= Gradient pattern analysis =

Gradient pattern analysis (GPA) is a geometric computing method for characterizing geometrical bilateral symmetry breaking of an ensemble of symmetric vectors regularly distributed in a square lattice. Usually, the lattice of vectors represent the first-order gradient of a scalar field, here an M x M square amplitude matrix. An important property of the gradient representation is the following: A given M x M matrix where all amplitudes are different results in an M x M gradient lattice containing $N_{V} = M^2$ asymmetric vectors.

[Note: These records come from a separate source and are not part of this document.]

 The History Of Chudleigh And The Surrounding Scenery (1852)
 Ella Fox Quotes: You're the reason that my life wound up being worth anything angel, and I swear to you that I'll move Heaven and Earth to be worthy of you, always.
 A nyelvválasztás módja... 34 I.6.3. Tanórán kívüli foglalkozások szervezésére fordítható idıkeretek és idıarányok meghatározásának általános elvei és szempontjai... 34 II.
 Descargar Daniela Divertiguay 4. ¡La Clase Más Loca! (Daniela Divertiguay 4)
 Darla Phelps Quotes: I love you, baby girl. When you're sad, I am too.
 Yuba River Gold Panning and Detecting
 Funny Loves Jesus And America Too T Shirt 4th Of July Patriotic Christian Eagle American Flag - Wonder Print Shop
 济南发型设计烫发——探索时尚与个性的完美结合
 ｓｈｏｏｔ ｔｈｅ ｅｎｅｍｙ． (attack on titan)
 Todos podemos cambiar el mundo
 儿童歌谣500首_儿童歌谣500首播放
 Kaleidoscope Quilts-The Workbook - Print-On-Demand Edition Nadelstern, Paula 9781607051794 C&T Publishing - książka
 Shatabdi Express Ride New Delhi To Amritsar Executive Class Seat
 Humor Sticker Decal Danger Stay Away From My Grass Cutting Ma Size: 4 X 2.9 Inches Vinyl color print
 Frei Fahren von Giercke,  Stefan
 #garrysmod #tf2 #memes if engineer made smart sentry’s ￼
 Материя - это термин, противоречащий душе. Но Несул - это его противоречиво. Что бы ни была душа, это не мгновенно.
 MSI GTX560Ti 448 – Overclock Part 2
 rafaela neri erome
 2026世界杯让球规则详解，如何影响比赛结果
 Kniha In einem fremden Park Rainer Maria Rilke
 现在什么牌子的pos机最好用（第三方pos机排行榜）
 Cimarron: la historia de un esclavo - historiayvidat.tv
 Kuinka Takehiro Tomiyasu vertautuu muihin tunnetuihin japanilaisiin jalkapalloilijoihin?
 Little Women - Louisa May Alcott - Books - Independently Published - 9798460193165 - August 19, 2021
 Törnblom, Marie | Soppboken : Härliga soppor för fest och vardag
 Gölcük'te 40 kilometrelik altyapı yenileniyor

As each vector can be characterized by its norm and phase, variations in the $M^2$ amplitudes can modify the respective $M^2$ gradient pattern.

The original concept of GPA was introduced by Rosa, Sharma and Valdivia in 1999. Usually GPA is applied for spatio-temporal pattern analysis in physics and environmental sciences operating on time-series and digital images.

== Calculation ==

By connecting all vectors using a Delaunay triangulation criterion it is possible to characterize gradient asymmetries computing the so-called gradient asymmetry coefficient, that has been defined as:
$G_A=\frac{N_C-N_V}{N_V}$,
where $N_{V} > 0$ is the total number of asymmetric vectors, $N_{C}$ is the number of Delaunay connections among them and the property $N_{C} > N_{V}$
is valid for any gradient square lattice.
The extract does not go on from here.